Liver tissue samples were homogenized and total protein was extracted using HEPES extraction buffer (Sangon Biotech, Co., Ltd.). Total protein was quantified using a bicinchoninic acid assay (Santa Cruz Biotechnology, Inc., Dallas, TX, USA) and equal amounts of total protein (40 µg protein/lane) was separated via SDS-PAGE on a 10% gel. The separated proteins were subsequently transferred onto polyvinyl difluoride membranes and blocked with 3% skimmed milk for 2 h at room temperature. The membranes were incubated with primary antibodies against TGFβ1 (1:1,000; cat. no. ab92486), α-SMA (1:1,000; cat. no. ab5694), collagen type I (1:1,000; cat. no. ab34710), fibronectin (1:1,000; cat. no. ab2413), phosphorylated (p-) ERK1/2 (1:1000; cat. no. ab214362), ERK1/2 (1:1,000; cat. no. ab17942) and β-actin (1:1,000; cat. no. ab8227; all Abcam) overnight at 4°C. Following primary incubation, membranes were incubated with horseradish peroxidase-conjugated goat anti-rabbit secondary antibody (1:5,000; cat. no. D110066; Sangon Biotech, Co., Ltd.) for 2 h at room temperature. Protein bands were visualized using the Super ECL detection kit (Bio-Rad Laboratories, Inc., Hercules, CA, USA). Protein expression was quantified using Bio-Rad Quantity One software (version 4.6.2; Bio-Rad Laboratories, Inc.) with β-actin as the loading control.

Statistical analysis

Data were presented as the mean ± standard deviation. All statistical analyses were performed using SPSS software (version 16.0; SPSS, Inc., Chicago, IL, USA). One-way analysis of variance followed by Student-Newman-Keuls test was used to analyze differences among treatment groups. P<0.05 was considered to indicate a statistically significant difference.

Results

Puerarin alleviates inflammation and fibrosis in TAA-induced liver fibrosis in rats

All rats survived the experimental procedure. Liver tissue samples from rats in each experimental group were stained using H&E and VG to examine the histopathological changes associated with liver fibrosis. H&E staining demonstrated that in the TAA group, there was marked degeneration and necrosis of liver cells, as well as infiltration of inflammatory cells compared with the control group. In addition, the normal structure of the liver was altered, with marked formation of fibrous septum tissue in the TAA group compared with the control group. However, pathological changes in the puerarin/TAA group were less severe compared with the TAA group (Fig. 1A). The presence of collagen type I in the liver tissue was observed by VG staining. In the TAA group, the level of collagen fibers were markedly increased with the formation of fibrous septa surrounding the hepatic lobules compared with the control group (Fig. 1B). In addition, the collagen deposition in the puerarin/TAA group was less compared with the TAA group (Fig. 1B).
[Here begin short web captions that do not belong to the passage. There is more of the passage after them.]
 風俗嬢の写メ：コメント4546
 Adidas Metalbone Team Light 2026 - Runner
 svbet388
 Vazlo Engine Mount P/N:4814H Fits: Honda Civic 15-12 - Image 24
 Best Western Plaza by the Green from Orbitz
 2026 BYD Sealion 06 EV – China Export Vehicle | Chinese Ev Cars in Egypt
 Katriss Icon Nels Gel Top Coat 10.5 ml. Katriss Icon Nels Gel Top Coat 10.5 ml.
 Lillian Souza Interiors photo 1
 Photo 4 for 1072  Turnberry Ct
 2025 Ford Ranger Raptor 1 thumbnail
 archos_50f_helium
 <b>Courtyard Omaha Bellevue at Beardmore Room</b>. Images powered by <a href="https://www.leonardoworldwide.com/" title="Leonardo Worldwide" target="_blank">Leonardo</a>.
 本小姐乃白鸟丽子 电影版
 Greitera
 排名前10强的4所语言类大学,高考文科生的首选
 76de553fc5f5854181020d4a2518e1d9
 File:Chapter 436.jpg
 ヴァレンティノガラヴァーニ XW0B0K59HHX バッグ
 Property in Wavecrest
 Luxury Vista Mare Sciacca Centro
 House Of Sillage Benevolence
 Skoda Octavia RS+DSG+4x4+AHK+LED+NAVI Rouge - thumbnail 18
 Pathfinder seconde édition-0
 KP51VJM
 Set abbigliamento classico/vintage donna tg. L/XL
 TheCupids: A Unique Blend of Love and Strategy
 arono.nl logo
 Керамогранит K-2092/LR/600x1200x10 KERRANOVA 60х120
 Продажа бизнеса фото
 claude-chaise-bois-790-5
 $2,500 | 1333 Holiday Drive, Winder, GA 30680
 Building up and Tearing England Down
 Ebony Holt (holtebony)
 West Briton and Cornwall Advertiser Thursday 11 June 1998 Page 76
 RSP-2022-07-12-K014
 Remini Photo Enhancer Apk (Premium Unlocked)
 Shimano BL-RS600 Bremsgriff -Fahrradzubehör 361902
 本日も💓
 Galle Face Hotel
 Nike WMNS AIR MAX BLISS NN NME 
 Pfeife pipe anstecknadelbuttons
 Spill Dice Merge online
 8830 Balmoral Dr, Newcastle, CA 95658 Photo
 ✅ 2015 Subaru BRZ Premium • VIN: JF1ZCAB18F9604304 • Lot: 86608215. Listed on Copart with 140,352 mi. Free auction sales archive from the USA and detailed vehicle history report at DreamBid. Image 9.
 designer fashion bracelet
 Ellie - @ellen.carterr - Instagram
Figure 1. Histopathological changes in the liver fibrosis in vivo model. (A) Hematoxylin and eosin staining was used to examine pathological changes in the rat liver tissue samples of the control, TAA and puerarin/TAA group. The black arrows highlight degeneration and necrosis of liver cells as well as the formation of fibrous septum tissue. (B) Van Gieson's staining was used to examine the presence of collagen type I in the rat liver tissue samples. Scale bar, 50 µm. (C) Liver hydroxyproline content was examined. (D) Relative protein expression levels of collagen type I and fibronectin were determined by western blot analysis in rat liver tissue samples. β-actin was used as the loading control (n=12). *P<0.05 vs. the control group. #P<0.05 vs. the TAA group. TAA, thioacetamide.

Liver hydroxyproline content was significantly increased in the TAA group compared with the control group (P<0.05; Fig. 1C). In addition, the liver hydroxyproline content significantly decreased in the puerarin/TAA group compared with the TAA group (P<0.05; Fig. 1C). Similarly, western blot analysis demonstrated that the relative protein expression levels of collagen type I and fibronectin were significantly upregulated in the livers of rats in the TAA group compared with the control group (P<0.05; Fig. 1D). However, the protein expression levels of collagen type I and fibronectin were significantly downregulated in the puerarin/TAA group compared with the TAA group (P<0.05; Fig. 1D). These results suggest that treatment with puerarin may alleviate inflammation and fibrosis in liver fibrosis.

Puerarin alleviates TGFb1 expression and HSC activation in TAA-induced liver fibrosis in rats

To further investigate the effects of puerarin on liver fibrosis and HSC activation in vivo following TAA-induced liver fibrosis, the relative expression levels of TGFβ1 and α-SMA were examined. TGFβ1 is known as the strongest effector for liver fibrosis, while α-SMA is a marker of HSC activation (28,29). The relative protein expression levels of TGFβ1 and α-SMA were significantly increased in the TAA group compared with the control group, whereas TGFβ1 and α-SMA expression levels were significantly decreased in the puerarin/TAA group compared with the TAA group (P<0.05; Fig. 2A and B). These results indicated that puerarin may reduce TGFβ1 production and HSC activation.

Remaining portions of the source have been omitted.